* _Your goal_
The whole listing, except its pictures, is to be repeated exactly.

* _Recorded information_
_ _ _

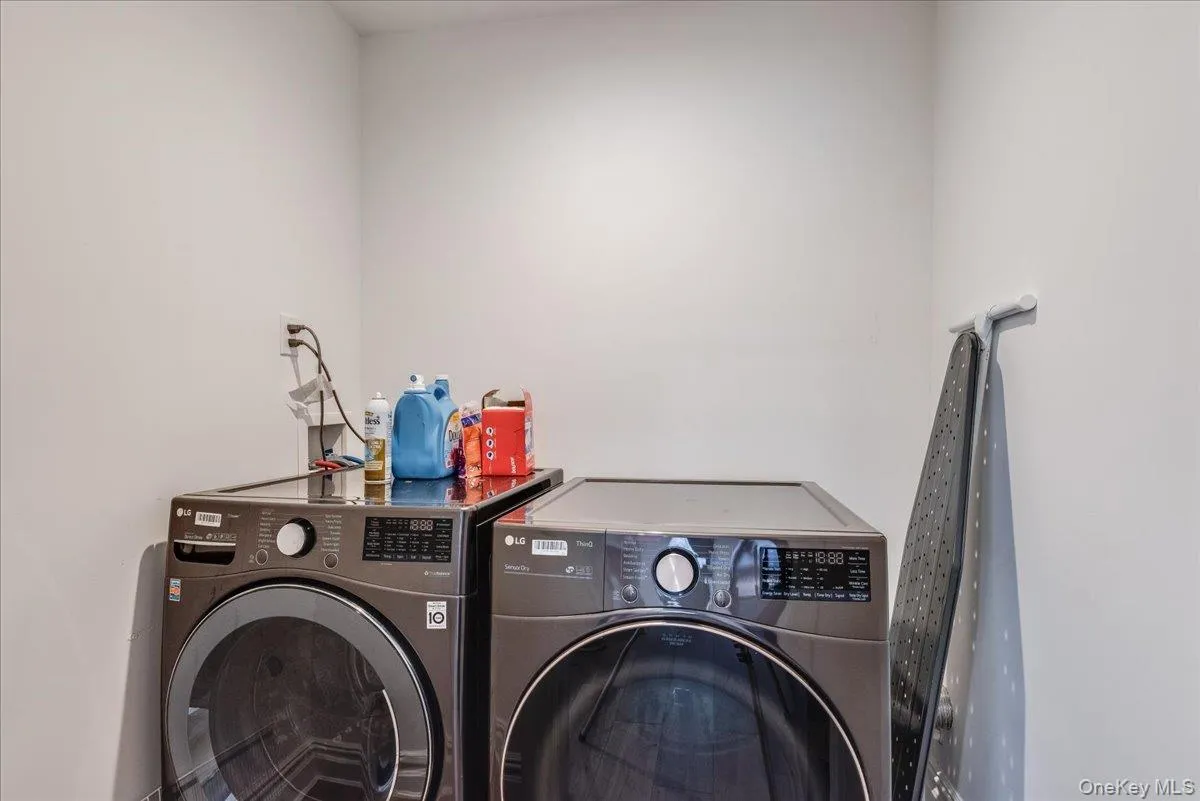 Laundry room featuring washer and dryer Laundry room featuring washer and dryer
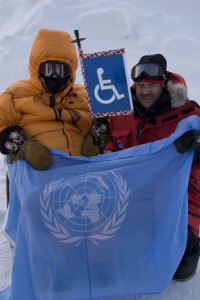  Chris Watkins and Dave Shannon, for the first time in history, planted a wheelchair access sign on the North Pole. Seen here is their sign and the United Nations Flag.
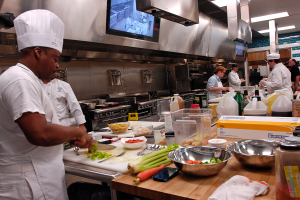 Eine Gruppe von Köchen in einer Küche, die Essen auf einem Schneidbrett zubereiten, wobei ein Koch im Vordergrund in einem weißen Kleid und einer Mütze steht und ein Messer hält und von Utensilien, Schüsseln, Gemüse, einem Mobiltelefon, Flaschen und anderen Gegenständen umgeben ist, während im Hintergrund ein Fernseher und Deckenleuchten zu sehen sind.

_ _ _

* _Written reply_
 Laundry room featuring washer and dryer Laundry room featuring washer and dryer
  Chris Watkins and Dave Shannon, for the first time in history, planted a wheelchair access sign on the North Pole. Seen here is their sign and the United Nations Flag.
 Eine Gruppe von Köchen in einer Küche, die Essen auf einem Schneidbrett zubereiten, wobei ein Koch im Vordergrund in einem weißen Kleid und einer Mütze steht und ein Messer hält und von Utensilien, Schüsseln, Gemüse, einem Mobiltelefon, Flaschen und anderen Gegenständen umgeben ist, während im Hintergrund ein Fernseher und Deckenleuchten zu sehen sind.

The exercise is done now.